A senior Japanese envoy is meeting South Korean officials in Seoul in an attempt to resolve a worsening dispute over an island chain both countries claim. South Korea says it hopes to avoid the use of force but says it is ready for "all scenarios" in its determination to stop Japan from conducting a controversial ocean survey.

Japan and South Korea engaged in hastily scheduled diplomacy Friday, while at least 20 South Korean coast guard ships patrolled the seas around the disputed island chain.

South Korean Vice Foreign Minister Yu Myung-Hwan met Friday evening with his Japanese counterpart, Shotaro Yachi, who arrived in Seoul earlier in the day. Yu said Friday South Korea wants to avoid a confrontation but cannot run away from the problem.

Japan says that while talks are going on, it will postpone plans to conduct a scientific survey near the tiny islands, which South Korea controls, but Tokyo also claims.

In Tokyo, Japanese Foreign Minister Taro Aso urged South Korean leaders to consider a recent diplomatic offer it made to resolve the issue.

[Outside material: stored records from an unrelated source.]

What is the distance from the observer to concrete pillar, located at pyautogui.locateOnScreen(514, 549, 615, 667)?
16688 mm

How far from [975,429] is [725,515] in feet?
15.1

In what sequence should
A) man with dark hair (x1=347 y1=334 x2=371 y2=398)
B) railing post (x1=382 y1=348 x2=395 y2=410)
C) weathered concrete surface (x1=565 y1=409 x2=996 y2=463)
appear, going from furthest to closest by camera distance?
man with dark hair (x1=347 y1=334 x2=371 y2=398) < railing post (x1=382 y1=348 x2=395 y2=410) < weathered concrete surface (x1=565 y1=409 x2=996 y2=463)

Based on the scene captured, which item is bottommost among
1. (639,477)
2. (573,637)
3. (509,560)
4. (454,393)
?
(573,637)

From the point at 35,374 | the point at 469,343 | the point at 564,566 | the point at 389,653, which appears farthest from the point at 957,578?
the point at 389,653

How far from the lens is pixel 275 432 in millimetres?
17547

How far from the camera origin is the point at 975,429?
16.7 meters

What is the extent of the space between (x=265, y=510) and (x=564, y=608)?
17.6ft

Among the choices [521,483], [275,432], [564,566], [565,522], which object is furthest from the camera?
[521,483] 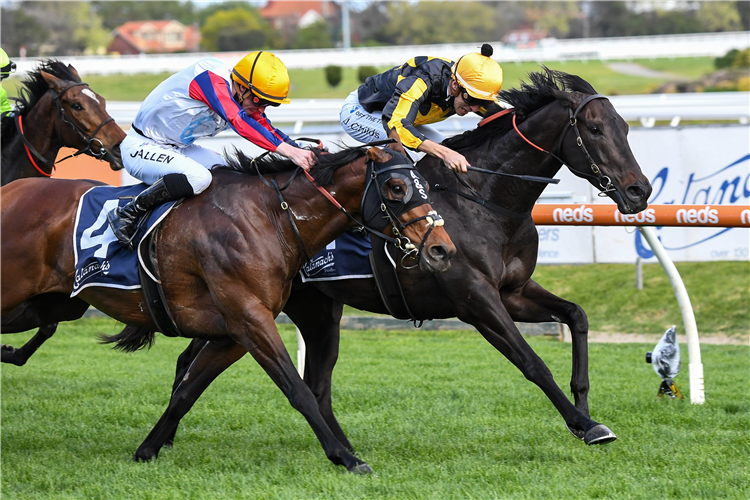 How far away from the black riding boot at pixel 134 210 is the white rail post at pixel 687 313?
Answer: 2.78 meters

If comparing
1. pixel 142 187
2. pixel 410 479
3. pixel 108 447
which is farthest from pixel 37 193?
pixel 410 479

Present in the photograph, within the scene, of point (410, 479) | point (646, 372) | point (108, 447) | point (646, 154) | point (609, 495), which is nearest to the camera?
point (609, 495)

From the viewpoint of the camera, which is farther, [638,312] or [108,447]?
[638,312]

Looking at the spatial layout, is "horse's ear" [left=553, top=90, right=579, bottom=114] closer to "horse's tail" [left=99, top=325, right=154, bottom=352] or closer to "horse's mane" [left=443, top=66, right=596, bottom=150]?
"horse's mane" [left=443, top=66, right=596, bottom=150]

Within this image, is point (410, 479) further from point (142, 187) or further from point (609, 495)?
point (142, 187)

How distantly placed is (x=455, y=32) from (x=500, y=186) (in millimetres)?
58799

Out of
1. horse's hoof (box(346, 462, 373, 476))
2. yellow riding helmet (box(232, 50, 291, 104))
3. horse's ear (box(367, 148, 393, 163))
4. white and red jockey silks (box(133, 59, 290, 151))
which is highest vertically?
yellow riding helmet (box(232, 50, 291, 104))

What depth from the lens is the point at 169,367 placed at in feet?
23.4

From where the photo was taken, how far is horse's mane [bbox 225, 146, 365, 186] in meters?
4.00

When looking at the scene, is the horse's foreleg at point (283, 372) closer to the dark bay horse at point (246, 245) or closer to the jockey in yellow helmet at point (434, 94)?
the dark bay horse at point (246, 245)

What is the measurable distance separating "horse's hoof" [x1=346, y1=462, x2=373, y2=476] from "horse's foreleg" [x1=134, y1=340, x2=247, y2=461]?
0.86 m

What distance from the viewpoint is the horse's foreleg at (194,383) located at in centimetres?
439

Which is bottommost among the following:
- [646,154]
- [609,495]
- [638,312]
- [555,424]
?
[638,312]

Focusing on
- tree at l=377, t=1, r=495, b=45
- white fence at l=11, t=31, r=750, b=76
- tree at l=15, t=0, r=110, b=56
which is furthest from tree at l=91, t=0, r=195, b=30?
white fence at l=11, t=31, r=750, b=76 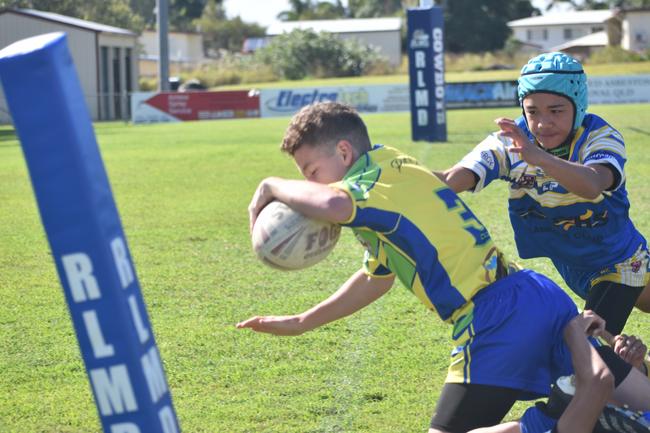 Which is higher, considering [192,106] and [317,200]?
[317,200]

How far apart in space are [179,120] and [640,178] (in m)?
26.0

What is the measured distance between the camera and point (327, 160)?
3611 mm

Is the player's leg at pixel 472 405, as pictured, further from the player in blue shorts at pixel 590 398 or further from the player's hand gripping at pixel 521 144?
the player's hand gripping at pixel 521 144

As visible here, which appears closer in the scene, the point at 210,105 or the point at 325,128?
the point at 325,128

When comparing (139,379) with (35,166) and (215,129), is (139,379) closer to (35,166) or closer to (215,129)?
(35,166)

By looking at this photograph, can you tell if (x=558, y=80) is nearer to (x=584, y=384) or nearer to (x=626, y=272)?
(x=626, y=272)

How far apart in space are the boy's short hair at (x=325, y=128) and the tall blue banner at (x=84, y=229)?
36.1 inches

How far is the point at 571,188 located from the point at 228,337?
303cm

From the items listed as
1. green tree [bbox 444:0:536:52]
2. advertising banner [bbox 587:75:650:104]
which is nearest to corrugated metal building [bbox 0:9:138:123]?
advertising banner [bbox 587:75:650:104]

Aso says the timing of the survey is linked to Seoul's decision to propose Korean names for ocean features in the disputed region at a global conference in June. If South Korea drops that proposal, he says, there would be no reason for Japan to conduct the survey at this time.

The dispute over the islands, which Koreans call Dokdo and Japan calls Takeshima, is intensely emotional for South Koreans.

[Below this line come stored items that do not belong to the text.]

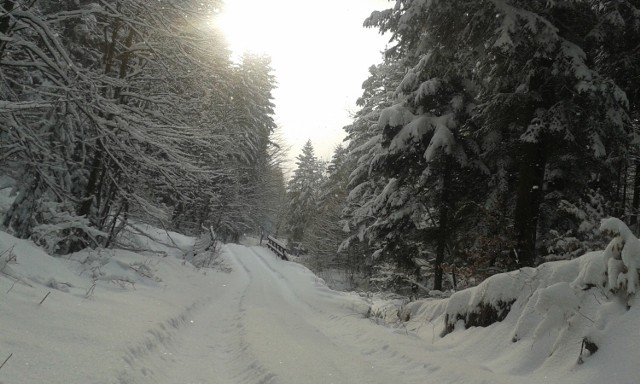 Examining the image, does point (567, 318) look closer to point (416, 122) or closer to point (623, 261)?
point (623, 261)

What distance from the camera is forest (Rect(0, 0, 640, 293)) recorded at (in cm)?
644

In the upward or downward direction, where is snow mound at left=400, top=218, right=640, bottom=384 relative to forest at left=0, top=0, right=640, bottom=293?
downward

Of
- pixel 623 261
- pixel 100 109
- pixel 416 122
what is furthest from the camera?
pixel 416 122

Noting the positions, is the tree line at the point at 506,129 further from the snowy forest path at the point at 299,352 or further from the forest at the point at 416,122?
the snowy forest path at the point at 299,352

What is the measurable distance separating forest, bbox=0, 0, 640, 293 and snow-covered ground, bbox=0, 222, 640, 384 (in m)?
1.59

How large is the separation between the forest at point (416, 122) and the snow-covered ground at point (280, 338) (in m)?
1.59

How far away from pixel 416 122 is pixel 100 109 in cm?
877

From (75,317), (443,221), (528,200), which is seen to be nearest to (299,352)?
(75,317)

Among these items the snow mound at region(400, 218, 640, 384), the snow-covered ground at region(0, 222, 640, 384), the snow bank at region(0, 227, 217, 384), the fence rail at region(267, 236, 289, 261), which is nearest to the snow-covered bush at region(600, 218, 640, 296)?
the snow mound at region(400, 218, 640, 384)

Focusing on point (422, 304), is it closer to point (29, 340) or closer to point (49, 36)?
point (29, 340)

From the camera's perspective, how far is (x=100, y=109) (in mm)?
5633

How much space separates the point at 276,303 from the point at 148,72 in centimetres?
737

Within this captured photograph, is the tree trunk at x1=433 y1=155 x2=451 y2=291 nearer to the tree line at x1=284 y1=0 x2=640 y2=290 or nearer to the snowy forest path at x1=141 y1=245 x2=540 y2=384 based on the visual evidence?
the tree line at x1=284 y1=0 x2=640 y2=290

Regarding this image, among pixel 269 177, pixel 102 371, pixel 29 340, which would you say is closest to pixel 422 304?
pixel 102 371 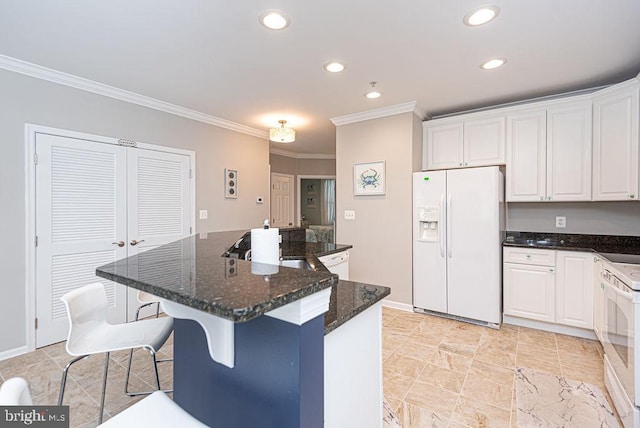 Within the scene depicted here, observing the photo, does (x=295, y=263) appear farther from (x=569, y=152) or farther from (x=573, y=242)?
(x=573, y=242)

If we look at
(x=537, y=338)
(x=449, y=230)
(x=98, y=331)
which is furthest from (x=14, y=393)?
(x=537, y=338)

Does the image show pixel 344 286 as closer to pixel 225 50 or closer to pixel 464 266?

South Korea regained control of the unoccupied islands at the end of World War II after 35 years of Japanese colonial rule on the Korean peninsula.

South Korea says Japan has not distanced itself from its imperial past, and even glorifies it.

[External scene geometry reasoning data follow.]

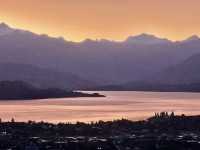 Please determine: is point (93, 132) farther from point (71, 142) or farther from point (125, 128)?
point (71, 142)

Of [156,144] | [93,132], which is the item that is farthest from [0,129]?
[156,144]

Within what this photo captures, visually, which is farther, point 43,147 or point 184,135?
point 184,135

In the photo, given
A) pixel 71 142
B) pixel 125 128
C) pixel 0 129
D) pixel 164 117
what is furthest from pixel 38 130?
pixel 164 117

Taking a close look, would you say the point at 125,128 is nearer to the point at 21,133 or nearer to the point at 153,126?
the point at 153,126

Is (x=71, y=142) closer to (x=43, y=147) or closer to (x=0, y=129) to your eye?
(x=43, y=147)

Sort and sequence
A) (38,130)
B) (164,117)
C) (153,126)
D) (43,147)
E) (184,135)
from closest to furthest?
(43,147) < (184,135) < (38,130) < (153,126) < (164,117)

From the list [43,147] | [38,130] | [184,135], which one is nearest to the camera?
[43,147]

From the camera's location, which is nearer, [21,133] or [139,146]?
[139,146]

Anger at Japan is unifying South Koreans across the political spectrum. Park Geun-hye, chairwoman of South Korea's main conservative opposition, says her party will support a hard-line stance by the government.

Park says because this is a matter of sovereignty, there is no room for South Korea to make concessions.

Adding to South Korea's anger was a visit by a group of Japanese lawmakers Friday to Tokyo's Yasukuni shrine, which pays tribute to convicted war criminals alongside other Japanese dead. The Japanese lawmakers said the visit was not related to the current dispute.